Says Chuck’s long-time friend Chris Kniker:
“I wasn’t prepared for any of this. Most only knew Chuck Mosley as the former singer of Faith No More; to me was a friend with whom I had formed a special bond over the past 17 years. Chuck was funny, witty, charismatic, and charming in a way that was only Chuck. He was truly one of a kind. Chuck inspired Mark, Erie, and I, and I knew we did the same for him. He felt we had created something that allowed him to grow as an artist. He was thrilled and honored to be playing on a record with Dale Crover. I was just happy to know that we made a record that I enjoyed; a group of friends creating something together. I am sure that Chuck would want us all to learn and grow from his struggles. Addiction is a horrible burden to bare for the afflicted and their loved ones. If you are or know someone who needs help doesn’t be afraid to ask.”
“When I listened to the music, ideas just came pouring out,” Mosley had previously stated. “I couldn’t say no to doing the record. When we completed the first few tracks, I found myself wishing I had written them. Not just the lyrics…just good heavy riffs and grooves really sucked me in. The melodies and words came super easy with this music. Even though it’s a whole different vibe it brought out a side of me I haven’t experienced since writing with Faith No More.”

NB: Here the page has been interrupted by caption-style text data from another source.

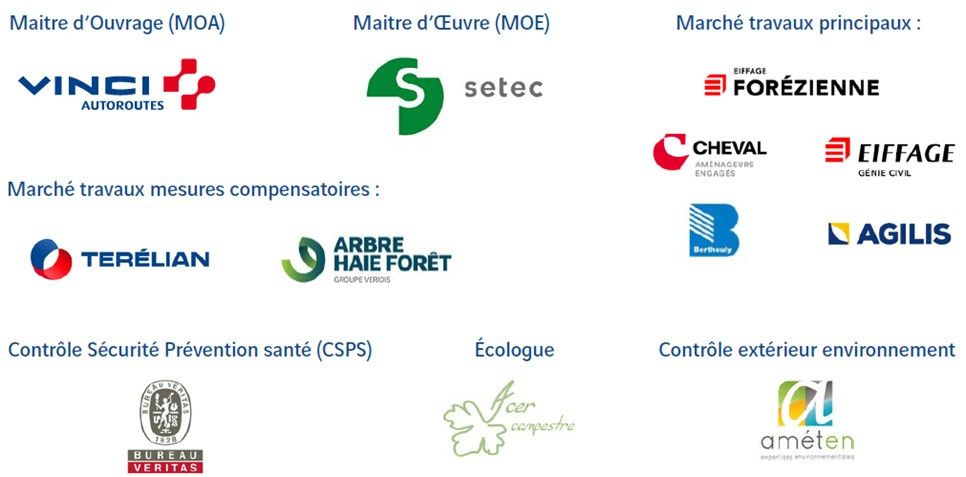 DMO-ASF-A7-echangeur Dromardeche-entreprises du chantier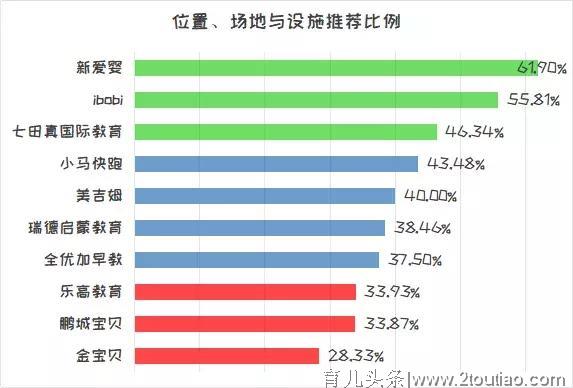 宝宝早教不再「试错」，他们说这几家机构比较好...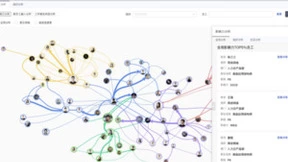 AI赋能，用友BIP在人力资源“选用育留”中的智能化场景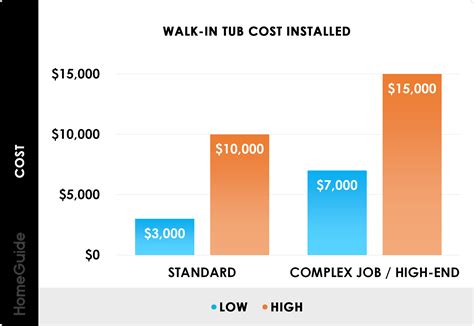 This is why a senior, a caregiver and pretty much the whole. 2021 Walk-In Tub Cost + Installed Prices (Kohler, Safe ...
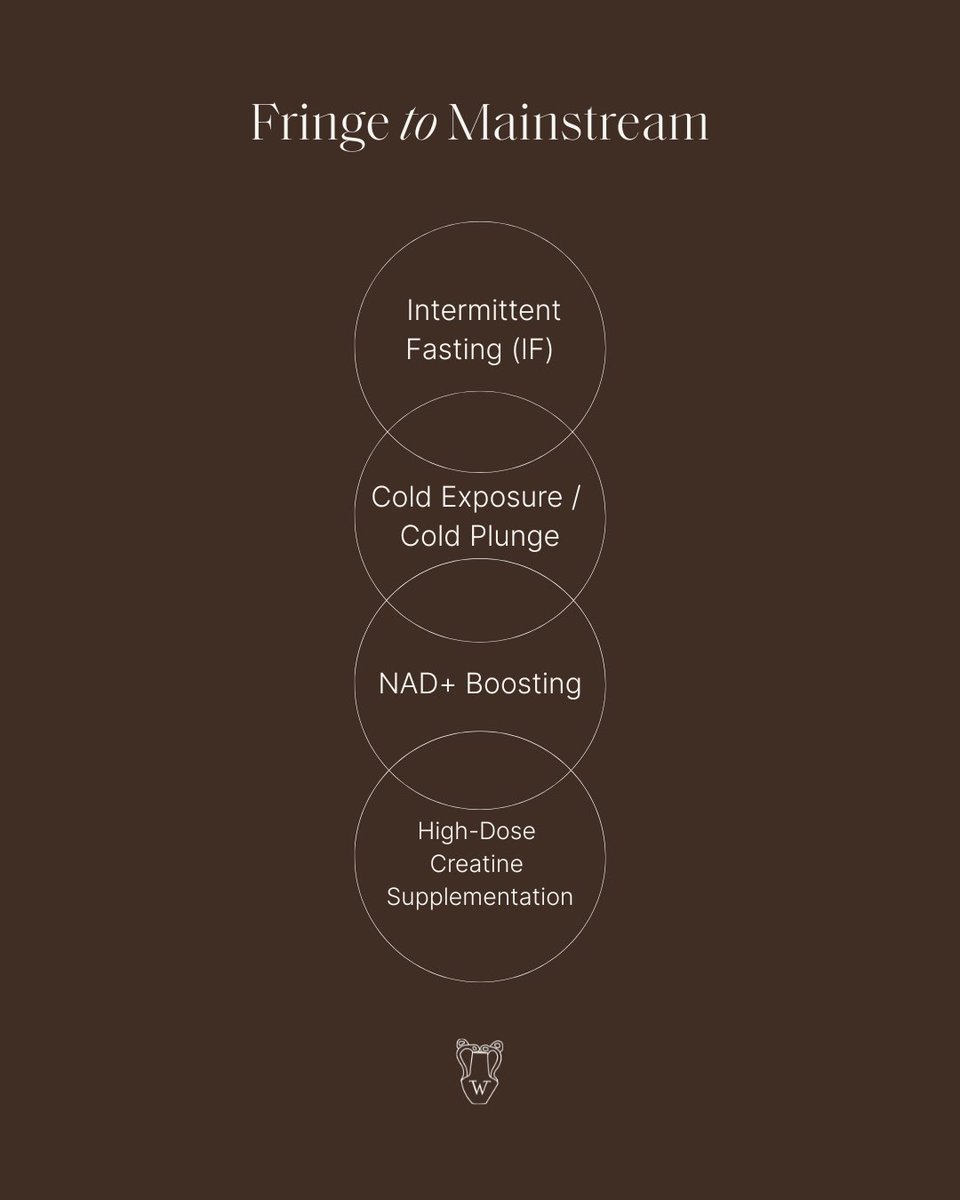 singkepe's tweet photo. The #Longevity Pattern: From Fringe to Foundation

Every major health move follows the same journey: Misunderstood → Niche Adoption → Institutional Validation → Mainstream

These 4 practices were considered "fringe," yet science has confirmed them as foundations https://t.co/2YWyvPPYiI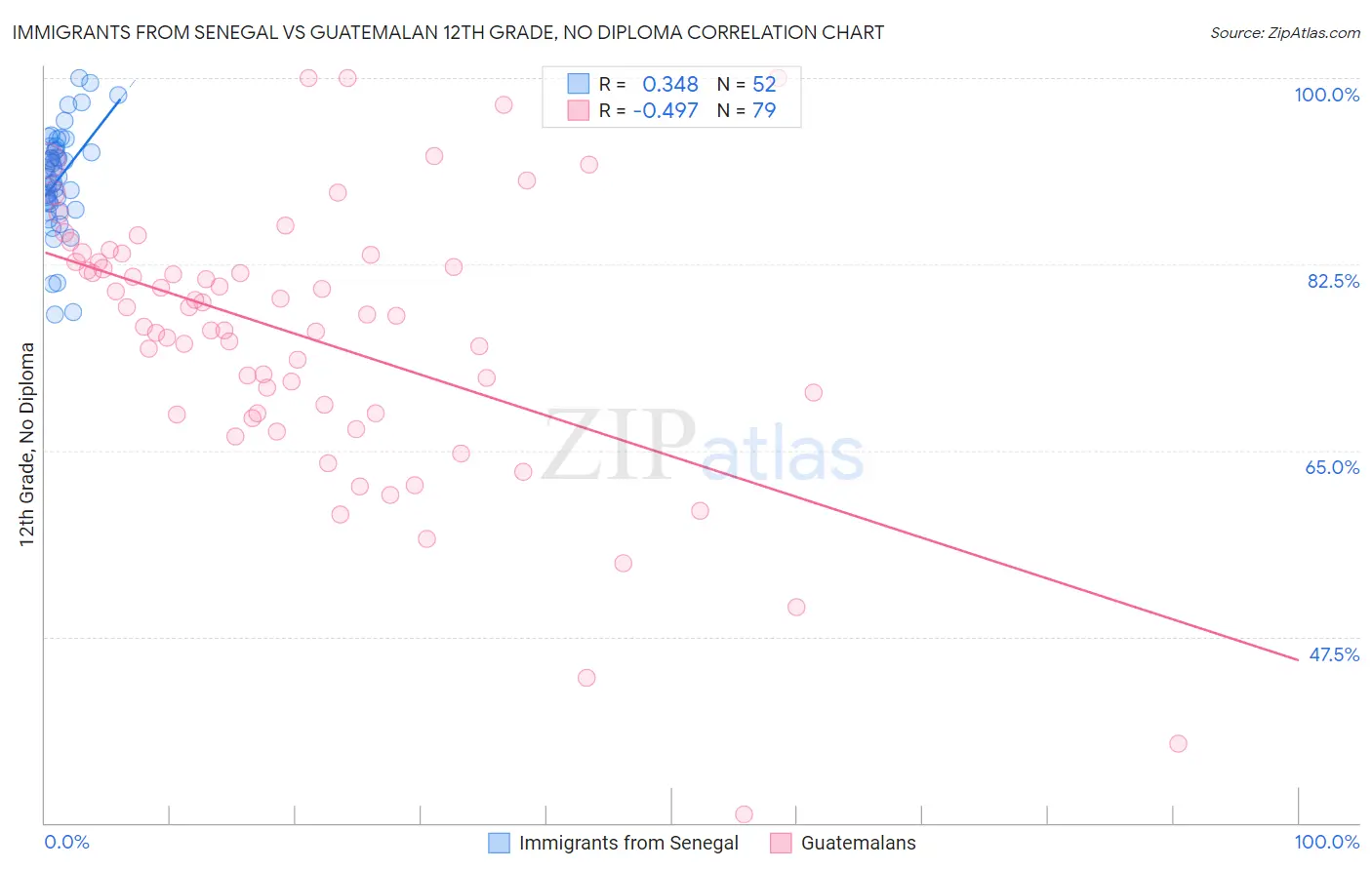 Immigrants from Senegal vs Guatemalan 12th Grade, No Diploma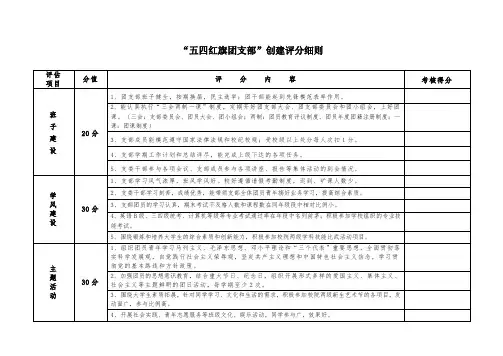 五四红旗团支部评分细则
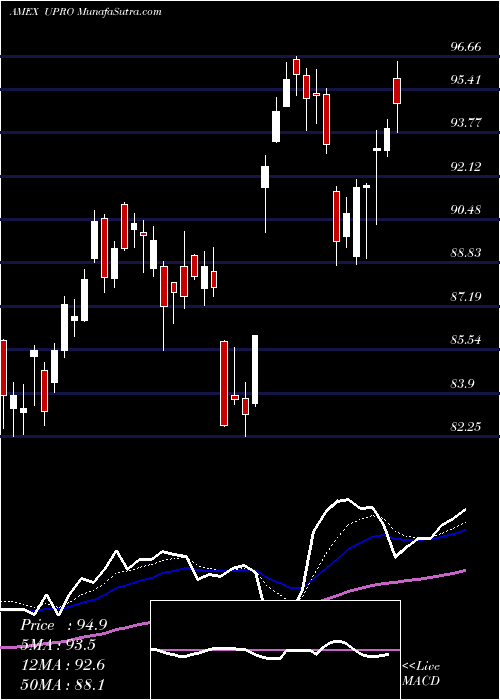  Daily chart Ultrapro S&P 500 Proshares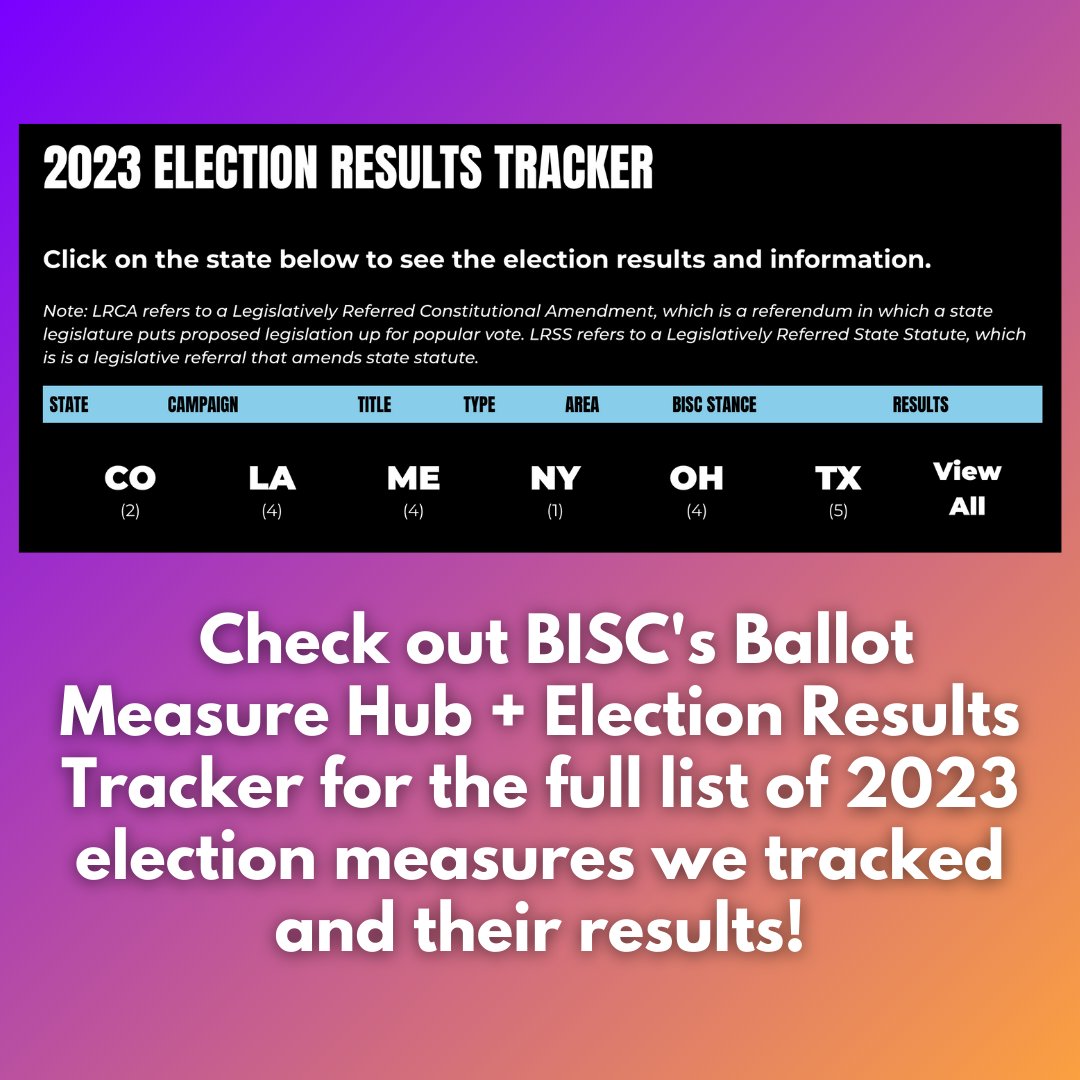 BallotStrategy's tweet image. As we celebrate these victories and prepare for 2024, our work is clear: 

We must #DefendDirectDemocracy and the Will of the People. 

We must implement voter-approved initiatives. 

We must build off these victories as we move towards equity, justice, and freedom for all.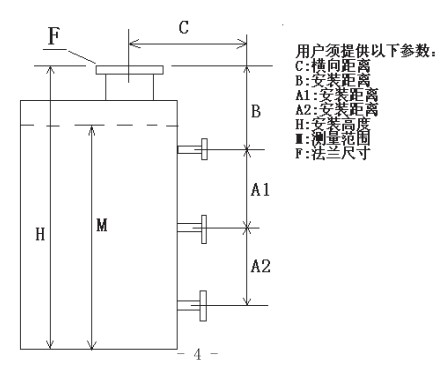 浮標式液位計規(guī)格選型表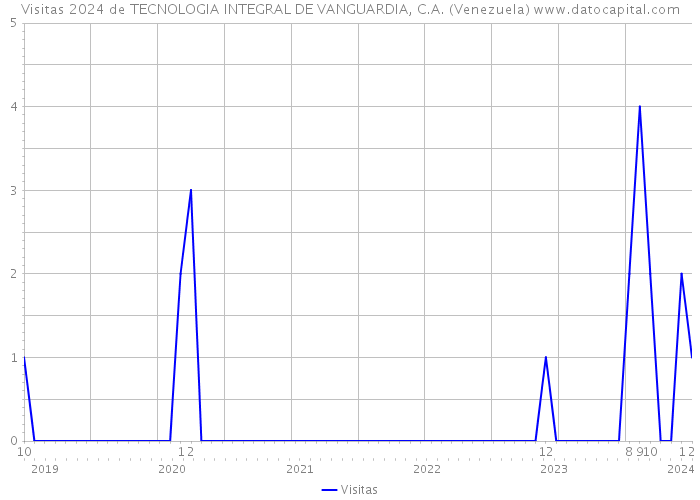 Visitas 2024 de TECNOLOGIA INTEGRAL DE VANGUARDIA, C.A. (Venezuela) 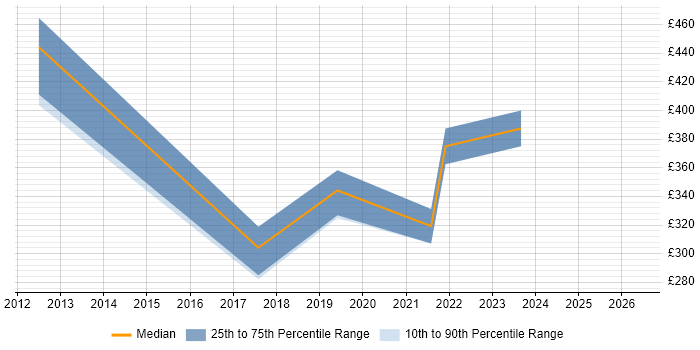 Contractor daily rate distribution trend for jobs in East Yorkshire citing Wi-Fi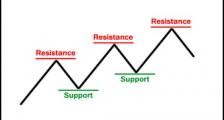 外汇入门2 - 外汇技术分析的支撑位和阻力位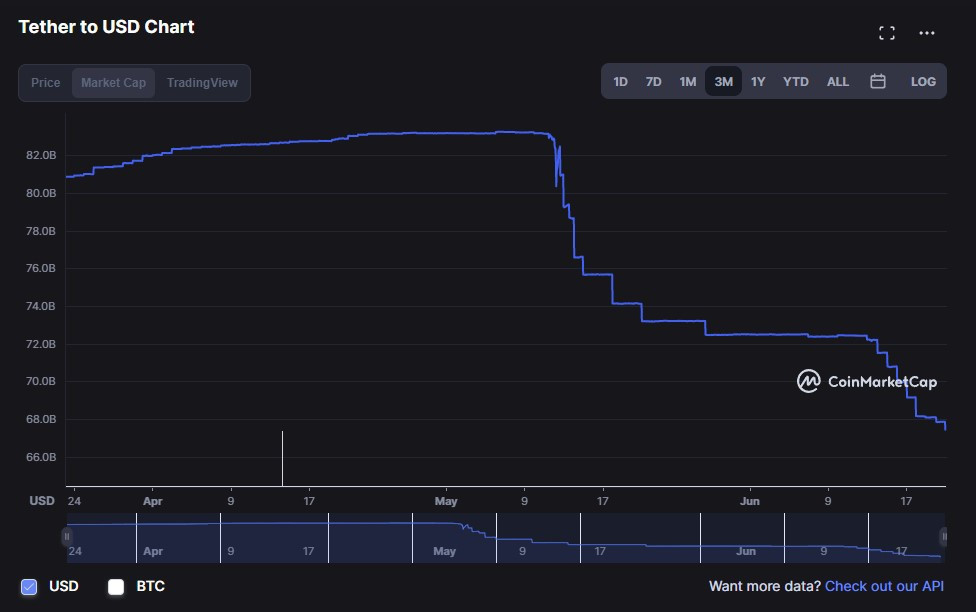 Tether dot 11 ty USDT anh 2
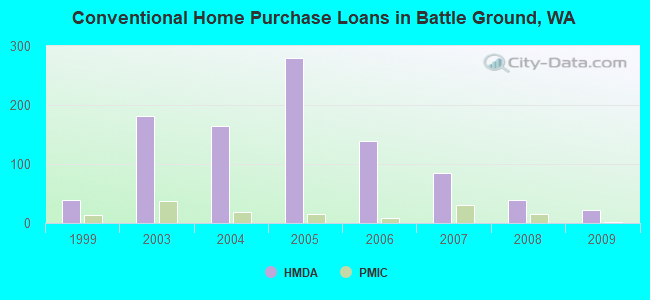 Conventional Home Purchase Loans in Battle Ground, WA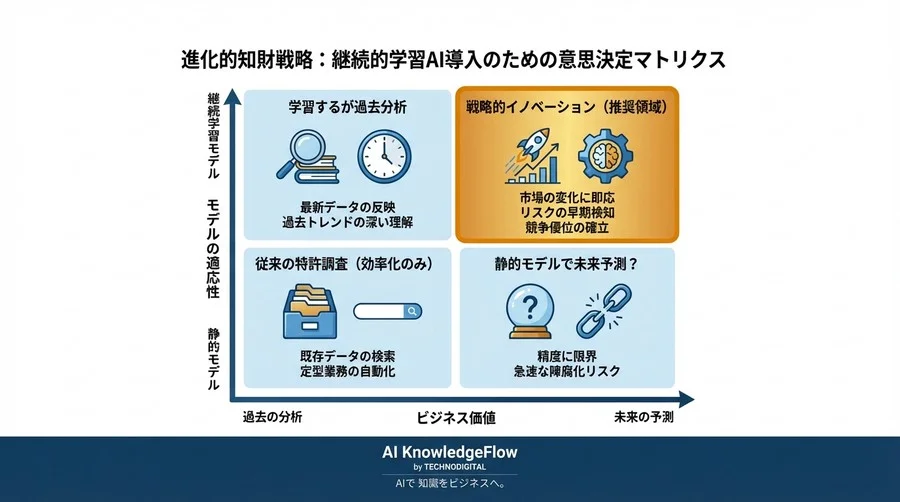 静的AIは翌日陳腐化する：特許データの鮮度と文脈を維持する継続的学習の全貌 - Conclusion Image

It’s hard not to view Primitive Race’s sophomore outing, Soul Pretender, as the next chapter in Chuck Mosley’s epic comeback story. On the record, out Friday on Metropolis, Mosley is positively radiant, sounding better, sharper and more engaged than he has since the heyday of Faith No More’s Introduce Yourself. After years of being relegated to the struggles of “solo” outings and hard-to-find Cement discs, Mosley here is raspy – he wears his age incredibly well – and utterly menacing as he lurks behind lurching guitars and the occasional twinkle of a keyboard, the landscape darker than his previous work. And, damn, does it work!
– Pop Dose
If Primitive Race’s stylistic trajectory is to be considered, as exhibited in the group’s two albums; add to that, the invigorating (but at the same time, inadvertent) inclusion of Mosley’s memories into this latest offering – then there should be something more that can be expected from the collective’s future projects. For the meantime, let your senses get drowned in pleasant torture in the sonic machinery of this scorching undertaking.
Time will tell what the next incarnation of Primitive Race will hold, but if the first two albums are any indication, then it should be just as great while continuing to establish the supergroup’s place in the world of punk and industrial rock.